What you need to do: The reply needs the lines from the one containing "Find the length" through the end of the material, each repeated exactly, and no pictures.

Segment Start: Recorded information

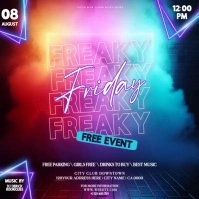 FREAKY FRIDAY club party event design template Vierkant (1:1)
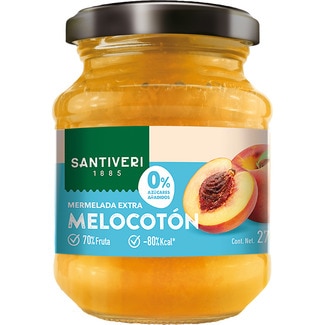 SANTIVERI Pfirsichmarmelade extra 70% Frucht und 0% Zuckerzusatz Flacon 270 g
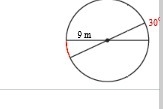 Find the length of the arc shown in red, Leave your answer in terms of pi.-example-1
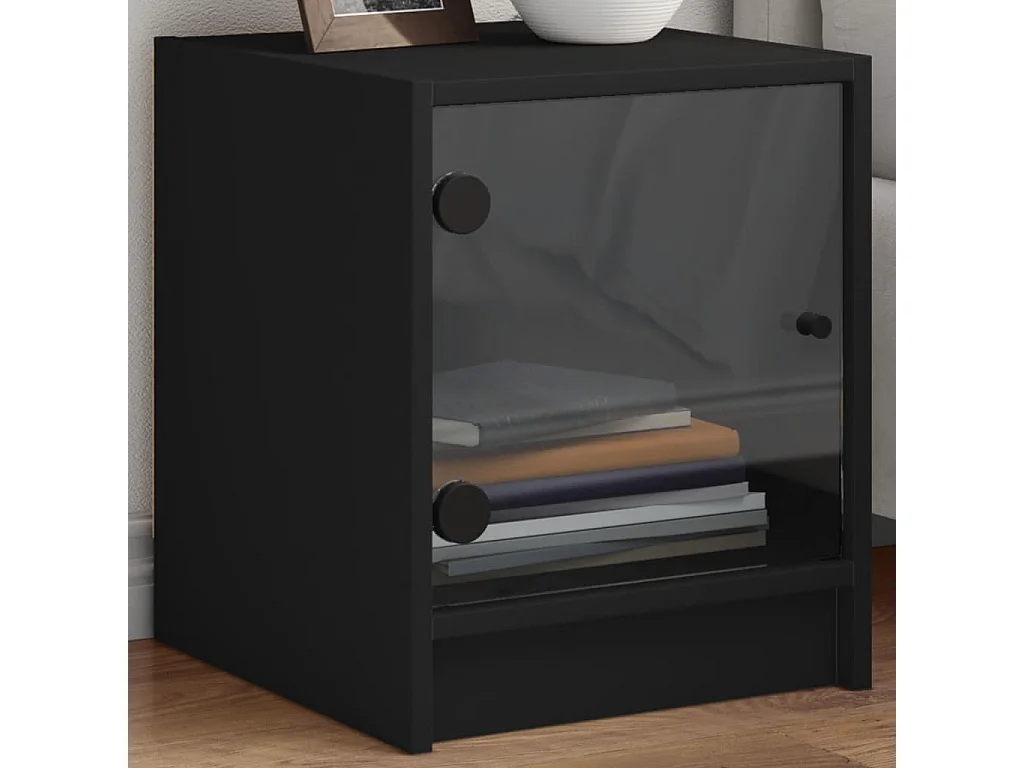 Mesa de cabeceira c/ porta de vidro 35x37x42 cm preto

Segment End: Recorded information

Written response:
 Find the length of the arc shown in red, Leave your answer in terms of pi.-example-1
 Mesa de cabeceira c/ porta de vidro 35x37x42 cm preto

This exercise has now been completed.